Dataset items:

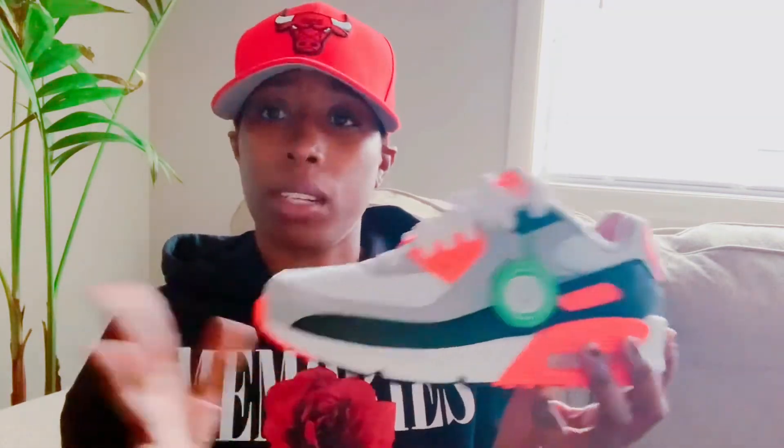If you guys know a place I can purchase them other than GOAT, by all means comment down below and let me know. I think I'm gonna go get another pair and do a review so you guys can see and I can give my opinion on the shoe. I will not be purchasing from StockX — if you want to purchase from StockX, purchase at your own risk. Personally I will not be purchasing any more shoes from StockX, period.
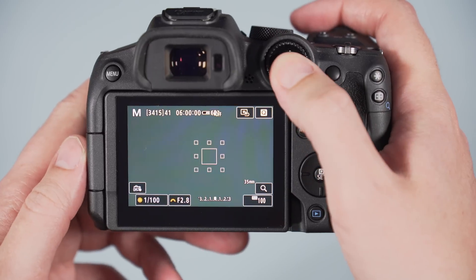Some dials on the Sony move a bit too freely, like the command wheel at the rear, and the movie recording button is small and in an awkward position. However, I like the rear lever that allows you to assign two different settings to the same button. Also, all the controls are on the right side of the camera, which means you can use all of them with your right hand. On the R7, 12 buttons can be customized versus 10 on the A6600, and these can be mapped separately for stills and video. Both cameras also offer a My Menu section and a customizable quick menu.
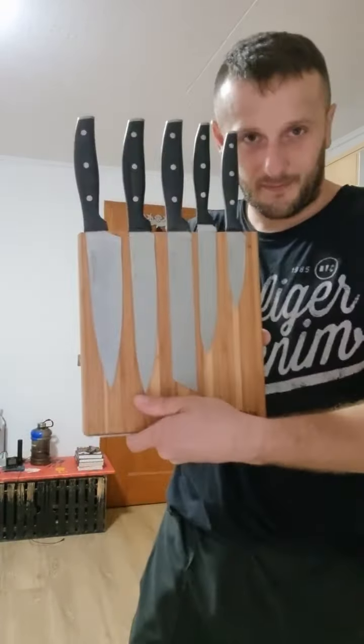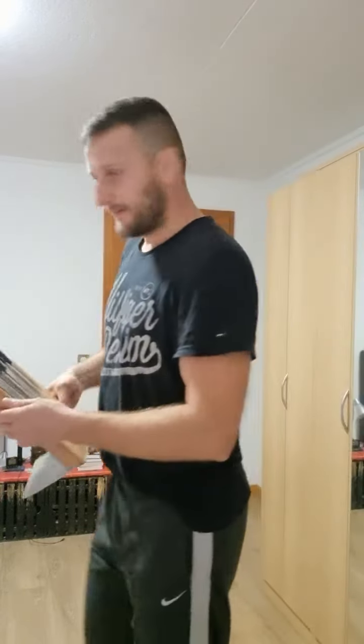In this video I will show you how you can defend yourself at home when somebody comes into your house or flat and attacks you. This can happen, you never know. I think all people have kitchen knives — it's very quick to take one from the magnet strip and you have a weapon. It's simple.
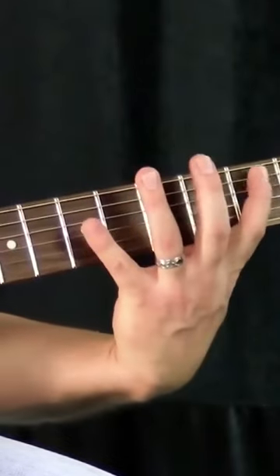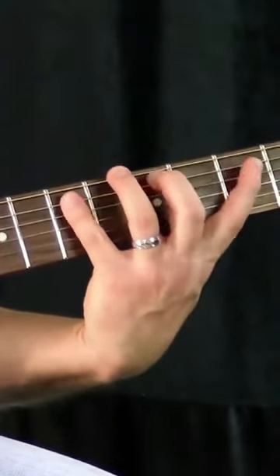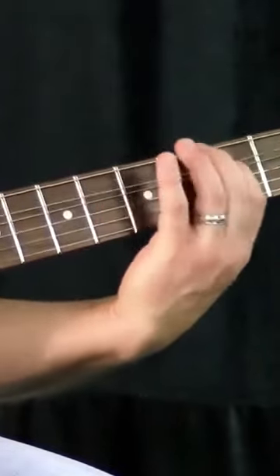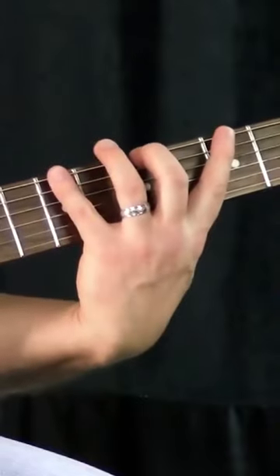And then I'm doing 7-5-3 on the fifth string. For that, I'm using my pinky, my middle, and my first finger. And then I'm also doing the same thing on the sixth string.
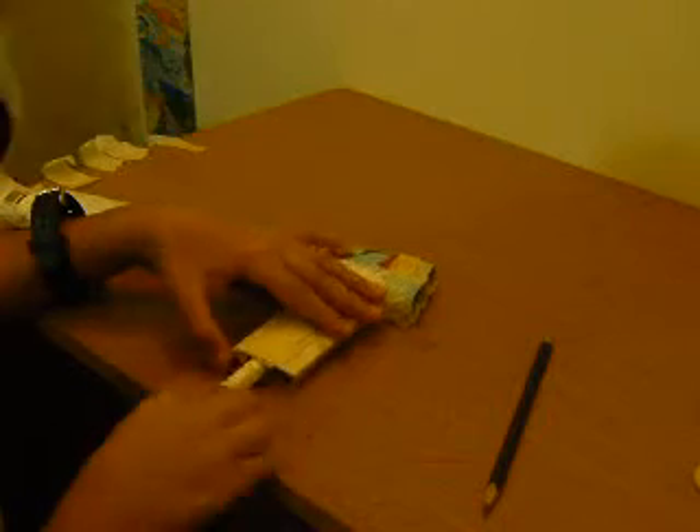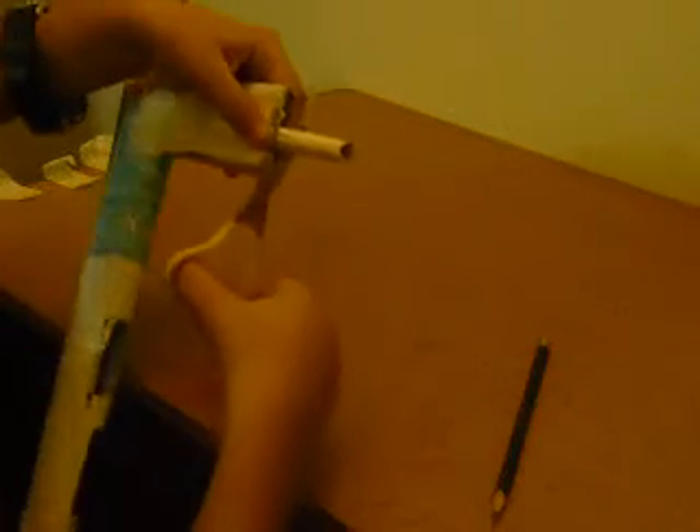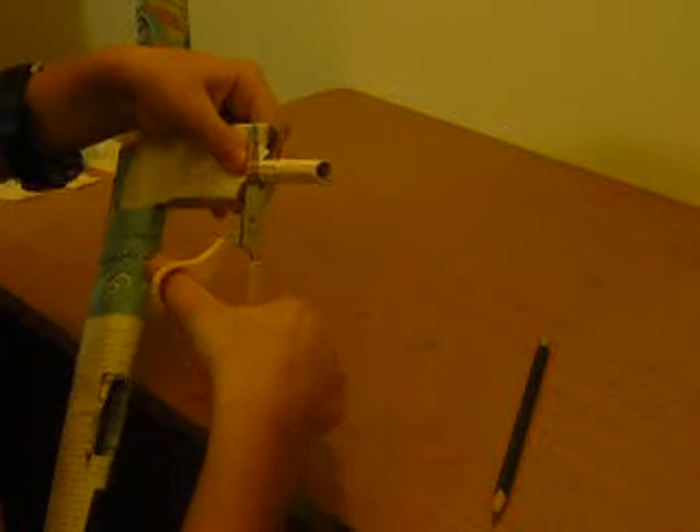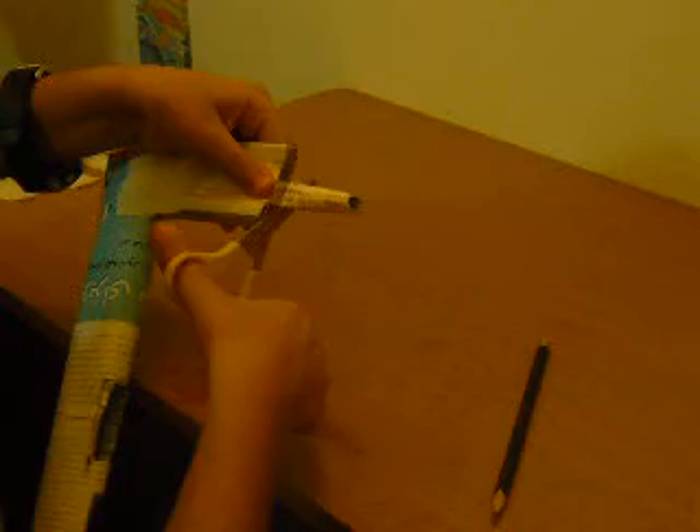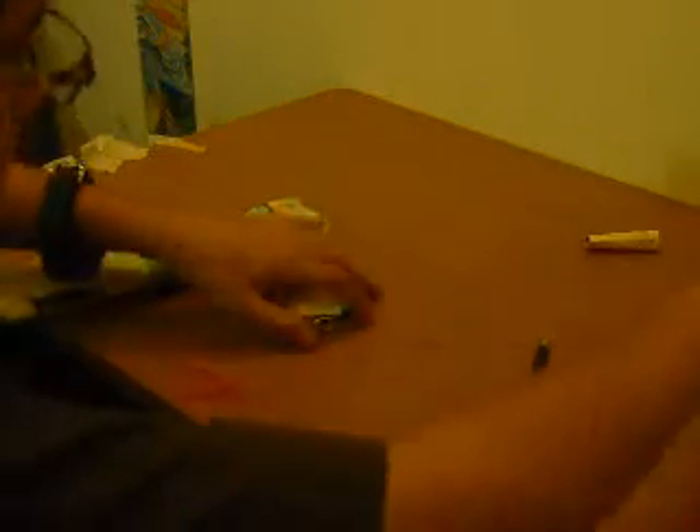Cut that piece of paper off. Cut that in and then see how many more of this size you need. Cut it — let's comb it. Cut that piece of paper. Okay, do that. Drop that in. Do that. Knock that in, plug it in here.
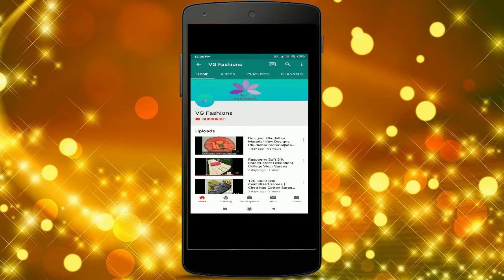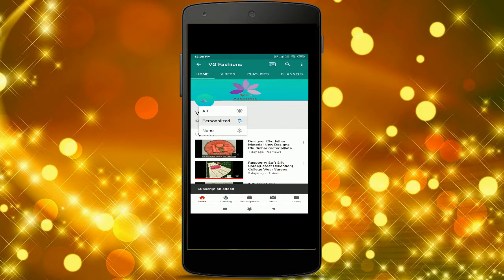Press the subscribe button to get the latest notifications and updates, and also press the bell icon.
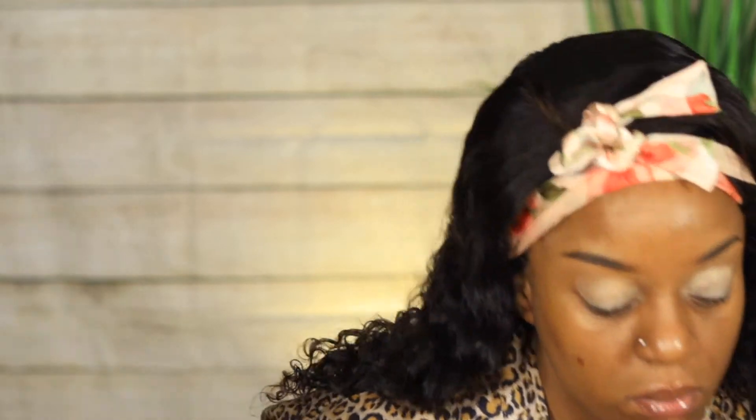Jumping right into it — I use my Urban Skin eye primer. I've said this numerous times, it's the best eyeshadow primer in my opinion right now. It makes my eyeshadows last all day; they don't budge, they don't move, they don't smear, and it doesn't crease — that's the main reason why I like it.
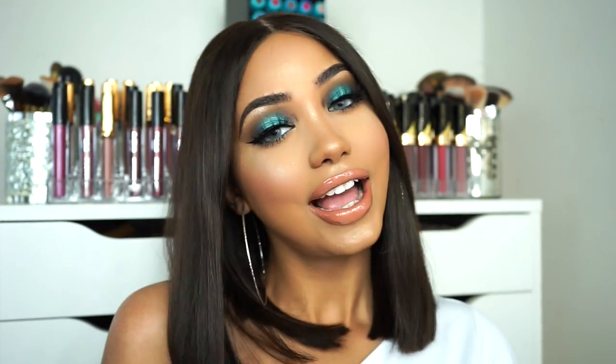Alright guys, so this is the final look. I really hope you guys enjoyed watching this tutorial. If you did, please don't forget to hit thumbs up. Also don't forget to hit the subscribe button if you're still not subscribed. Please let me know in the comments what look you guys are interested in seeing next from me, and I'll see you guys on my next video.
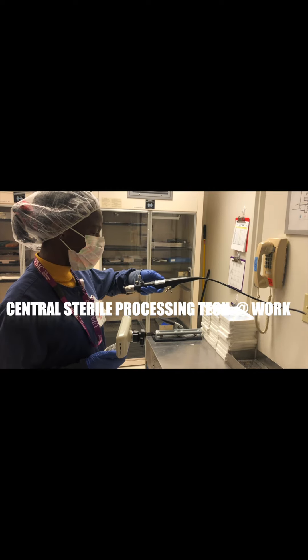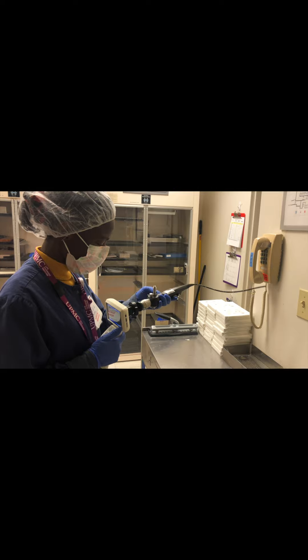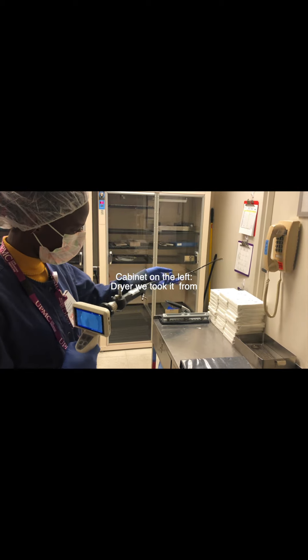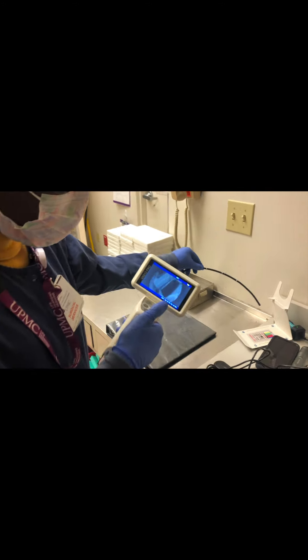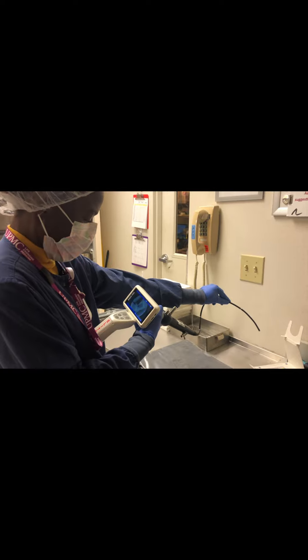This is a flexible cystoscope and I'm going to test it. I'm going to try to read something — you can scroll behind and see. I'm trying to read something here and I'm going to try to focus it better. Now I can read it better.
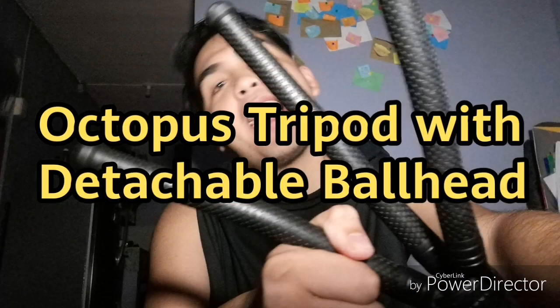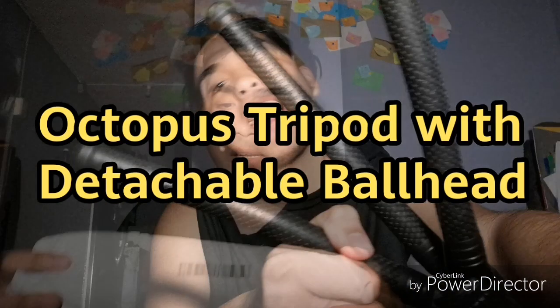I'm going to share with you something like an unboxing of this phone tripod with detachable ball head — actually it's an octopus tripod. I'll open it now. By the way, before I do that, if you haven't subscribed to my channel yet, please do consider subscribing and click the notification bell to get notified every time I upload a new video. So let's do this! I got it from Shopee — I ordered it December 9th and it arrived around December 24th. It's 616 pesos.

TASK ITEM:
The copy should hold only the lines from the one with "Some dials on" through the one with "Jumping right into", exactly as they stand above. Leave out the pictures.

PROBLEM SOLUTION:
Some dials on the Sony move a bit too freely, like the command wheel at the rear, and the movie recording button is small and in an awkward position. However, I like the rear lever that allows you to assign two different settings to the same button. Also, all the controls are on the right side of the camera, which means you can use all of them with your right hand. On the R7, 12 buttons can be customized versus 10 on the A6600, and these can be mapped separately for stills and video. Both cameras also offer a My Menu section and a customizable quick menu.
In this video I will show you how you can defend yourself at home when somebody comes into your house or flat and attacks you. This can happen, you never know. I think all people have kitchen knives — it's very quick to take one from the magnet strip and you have a weapon. It's simple.
And then I'm doing 7-5-3 on the fifth string. For that, I'm using my pinky, my middle, and my first finger. And then I'm also doing the same thing on the sixth string.
Cut that piece of paper off. Cut that in and then see how many more of this size you need. Cut it — let's comb it. Cut that piece of paper. Okay, do that. Drop that in. Do that. Knock that in, plug it in here.
Press the subscribe button to get the latest notifications and updates, and also press the bell icon.
Jumping right into it — I use my Urban Skin eye primer. I've said this numerous times, it's the best eyeshadow primer in my opinion right now. It makes my eyeshadows last all day; they don't budge, they don't move, they don't smear, and it doesn't crease — that's the main reason why I like it.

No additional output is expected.